Edge Lane plans
After years of friction, a deal is close for a new £200m retail park on Liverpool’s Edge Lane, as Ben Schofield reports
CITY leaders are poised to sign a landmark deal with a developer, paving the way for £200m of investment in one of Liverpool’s most renowned grot-spots.
It will also finally draw a line under Liverpool City Council’s long-running dispute with Derwent Holdings, which owns Edge Lane Retail Park.
Planners and the landowner have been holding weekly meetings for months to hammer out the details of the scheme.
Derwent said it is on the cusp of agreeing to build a retail park with around 600,000 sq ft shopping space – half the size it originally hoped for.
If it gets the go-ahead, all the existing shops on the 100-acre Edge Lane retail park site will be torn down and new, higher quality units built to replace them. Derwent say the two sides have at least 95% of the scheme worked out and a planning application should be lodged by the autumn.
A deal would finally see the end of years of fall-out between Derwent and Liverpool council that has seen parts of Edge Lane left in disrepair – and both sides squaring up in court.
The current park is around 430,000 sq ft, meaning the new shops will total 170,000 sq ft more than the current site.
Derwent, owned by Isle of Man tycoon Albert Gubay, is also offering a number of “sweeteners” for their part of the deal.
Mr Gubay’s representative John Taylor and Derwent’s planning consultants DPP are holding regular meetings with the city’s regeneration body Liverpool Vision.
Last week, Vision received a 30-page dossier detailing the scheme. The concessions include: an extension to Mersey Care’s Rathbone Hospital; a larger “Victorian” style park to replace Rathbone Park; and a “grot-spot” free zone.
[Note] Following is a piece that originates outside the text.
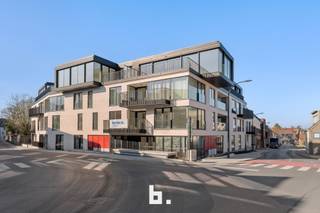 Ontdek de Residentie Sint-Amandus, een eigentijds nieuwbouwproject met 23 ruime en lichtrijke appartementen, ideaal gelegen op de hoek van de Kortrijkstraat en de Harelbeekstraat, vlak bij de markt van Zwevegem.<br /><br />De appartementen zijn ontworpen met oog voor comfort, kwaliteit en duurzaamheid. Dankzij de grote raampartijen geniet je van overvloedig daglicht en een prachtig zicht op de groene, rustig aangelegde binnentuin. De ruime terrassen bieden een heerlijke plek om te ontspannen in alle privacy.<br /><br />✨ Troeven:<br />- Centrale ligging op wandelafstand van winkels, horeca en openbaar vervoer<br />- Energiezuinig en duurzaam (BEN-normen)<br />- Ruime leefterrassen met groene binnentuin als uitzicht<br />- Hoogwaardige afwerking met keuze naar eigen smaak<br />- Ondergrondse autostaanplaatsen en bergingen beschikbaar<br />- Lift aanwezig in het gebouw<br /><br />Mogelijkheid tot aankoop aan verlaagd btw-tarief van 6%<br /><br />Of je nu op zoek bent naar een kwalitatieve woonst of een interessante investering, Residentie Sint-Amandus combineert modern comfort, centrale ligging en duurzame kwaliteit in één uniek project.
The city council launched a legal battle with Derwent over the clean-up of blighted areas of Edge Lane, including the old Traveller’s Rest site, which is still a pile of rubble.
Last night, Mr Taylor told the Daily Post: “We’re now in the final stages of agreement on the total retail. We have a proposal to deal with all the grot-spots: demolition, site clearance, hoarding, screening some off. That will stop all that nonsense.
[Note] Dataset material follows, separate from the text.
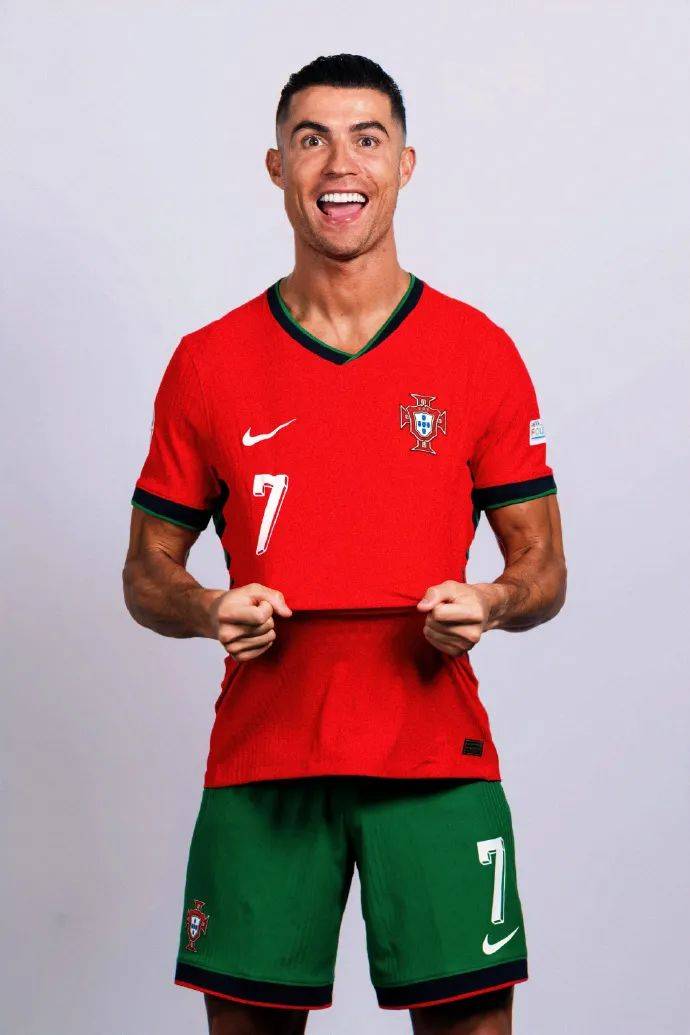 葡超战报：门将互送大礼，奥利维拉染红，葡体4-1吉马良斯（葡超战况：门将互送礼，奥利维拉染红，葡萄牙体育4-1吉马良斯）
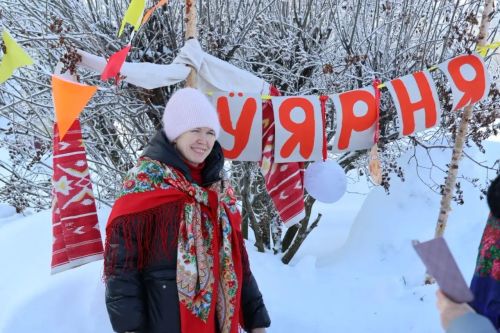 Хуш киләсең, көләч яз: Мари Суыксуында узган Уйярня бәйрәменнән безнең репортаж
“We’re just doing the final negotiating with the city planners and its advisors. We’re making massive progress. We’re 95% there or more.”
Architects have designed double-fronted shops that will be accessible from Edge Lane itself, as well as from car parks inside the retail park. This will, Derwent says, turn one of the key gateways into the city into an attractive boulevard.